Esta centralización del poder llevó a minar el desarrollo de las carreras políticas de personajes con arraigo en sus territorios pues no había más opción que afiliarse al partido del presidente. Fue por ello se consolidó la estructura de partido hegemónico en el que, si bien había oposición, ésta era utilizada para legitimar los designios presidenciales. Así, el legislativo se convirtió en una sucursal más del Ejecutivo.
Este esquema funcionó bien mientras no había competencia legislativa que hiciera contrapeso al partido oficial. Sin embargo, cuando la fórmula empezó a desgastarse, las elecciones cobraron relevancia y no hubo forma de mantener un régimen que se caía por sí solo. Ante eso, la reelección cobró un nuevo sentido.
Fue hasta la reforma electoral de 2014 que se (re) introdujo la reelección a nivel federal para diputados y senadores así como a nivel local para legisladores y munícipes para quedar de la siguiente manera: 1) los senadores podrán ser electos hasta por dos periodos consecutivos y los Diputados al Congreso de la Unión hasta por cuatro periodos consecutivos; y, 2) las constituciones estatales establecerán la elección consecutiva de los diputados a las legislaturas de los estados, hasta por cuatro periodos consecutivos.
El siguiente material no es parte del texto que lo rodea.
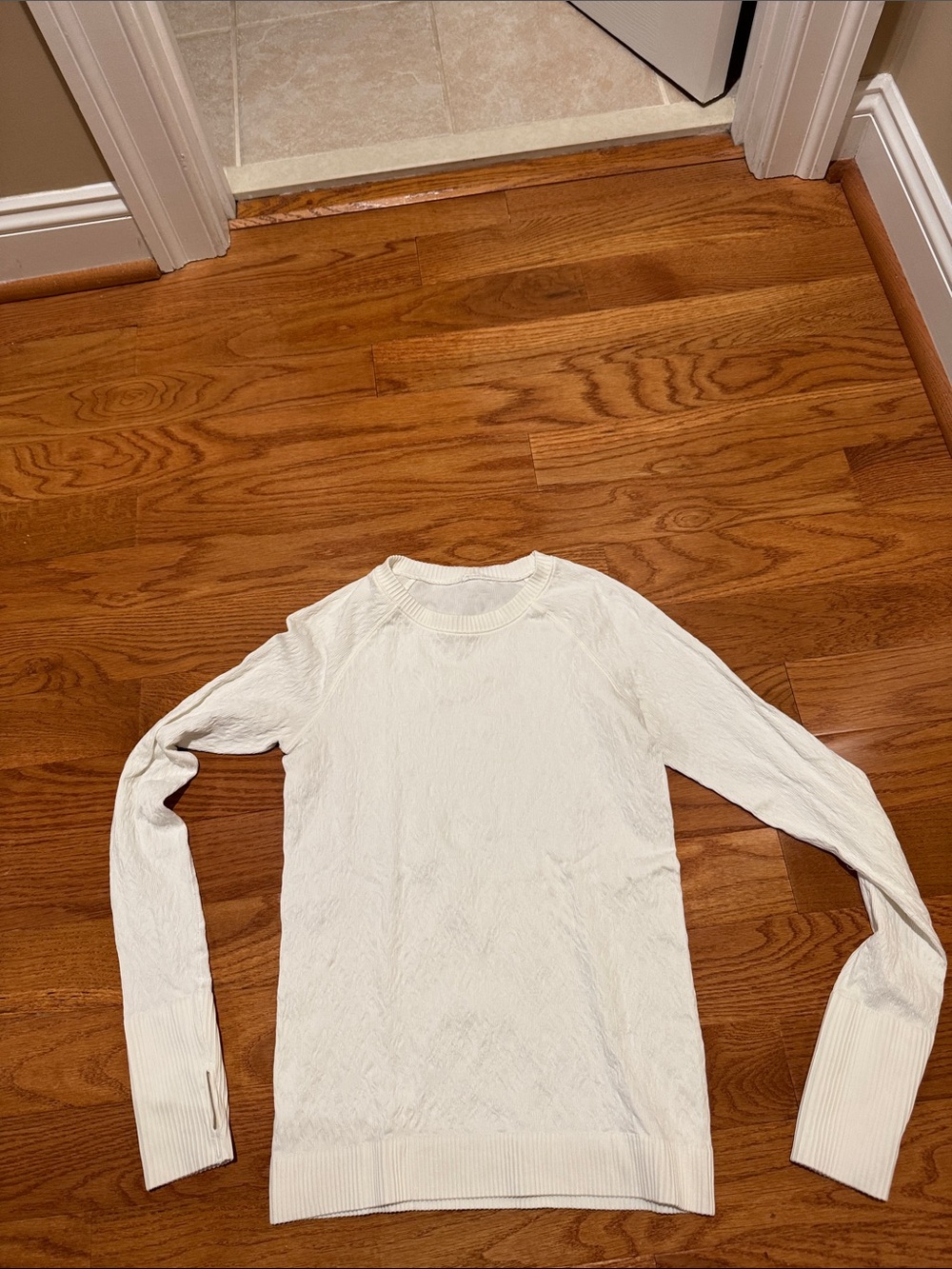 EUC - Lululemon long sleeve top.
El candado que puso esta reforma se expresó en que la postulación sólo podrá ser realizada por el mismo partido o por cualquiera de los partidos integrantes de la coalición que los hubieren postulado, salvo que hayan renunciado o perdido su militancia con dos años de antelación. Es decir, sólo los partidos pueden postular a los candidatos a la reelección. Con ello, serán las cúpulas partidistas, y no los ciudadanos, quienes privilegien o castiguen a los actuales legisladores. Así pues, si anteriormente se tenía que contar con la aprobación presidencial, ahora se deberá tener la del partido.
Desde luego que se rescata la reelección en sí misma; sin embargo, la evaluación de los electores a los legisladores no se dará pues las cúpulas partidistas decidirán a quienes se reeligen. En ese sentido, la lealtad y apego de los actuales legisladores a la dirección de cada uno de los partidos será lo que determine la continuidad, mientras la rendición de cuentas a la ciudadanía tendrá que esperar una reforma más.